En juillet dernier, Apichatpong Weerasethakul retrouvait la Compétition cannoise, 11 ans après sa Palme d'or pour Oncle Boonmee, celui qui se souvient de ses vies antérieures , avec Memoria, son premier film tourné en dehors de Thaïlande.

Coproduction américano-colombienne, le huitième long métrage du cinéaste thaïlandais met en scène Tilda Swinton dans le rôle d’une cultivatrice d’orchidées. Habitant à Medellín, cette expatriée écossaise se rend à Bogotá au chevet de sa sœur malade. Chez son beau-frère, elle est réveillée en pleine nuit par un bruit sourd, dont elle ne parvient pas à identifier l’origine. Un bruit qui devient récurrent et qu’elle semble la seule à percevoir.

Un son mystérieux

Dans ses déambulations dans la ville, elle croise un ingénieur du son - avec qui elle tente de recréer ce son étrange qui la hante -, mais aussi une archéologue française (Jeanne Balibar). Laquelle travaille sur un chantier de fouilles dans un immense tunnel en construction sous la Cordillère des Andes, où ont été retrouvés des ossements humains vieux de 6 000 ans…

S'il change de continent, Apichatpong Weerasethakul ne change pas de style pour autant. On retrouve en effet dans Memoria tous les éléments constitutifs de son cinéma, depuis toujours traversé par la question de la mémoire. Après avoir exploré le motif de la métempsycose dans Oncle Boonmee, il s'intéresse cette fois aux souvenirs de nos existences qu'on laisse dans les objets et dans la nature qui nous entourent.

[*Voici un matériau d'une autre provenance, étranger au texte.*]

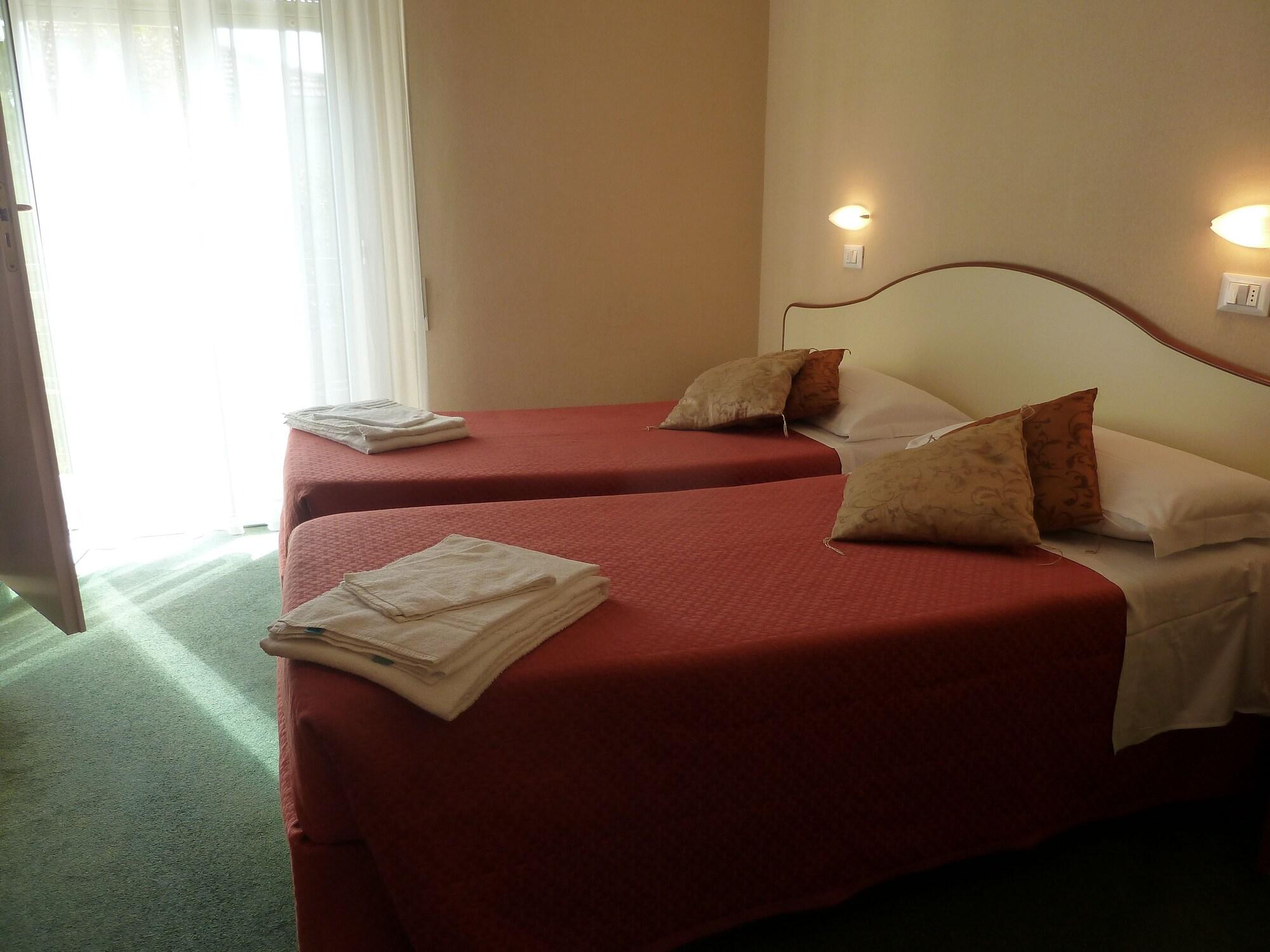 Hotel Crosal Rimini Exterior foto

Comme souvent, le Thaïlandais conçoit son film dans un mouvement de la ville vers la forêt, vers la nature, pour mettre en scène cette rupture culturelle et ce besoin que l’on ressent de plus en plus de s’y reconnecter. Et il le fait à sa manière, de façon très poétique, très sensuelle, attentif notamment ici à la bande-son, très travaillée, qui fait planer un sentiment de mystère sur tout le film. À l’image de ce son étrange qu’entend l’héroïne (et qu’a réellement entendu le cinéaste, atteint du rare "syndrome de la tête qui explose"), comme le grondement sourd d’une nature à bout de souffle.

À l’écoute du passé

Mais Memoria n'est pas qu'une fable écologique. C'est aussi et surtout une réflexion sur les traces que l'humanité laisse dans l'Histoire et sur la possibilité de s'y reconnecter, pour autant que l'on sache y être à l'écoute.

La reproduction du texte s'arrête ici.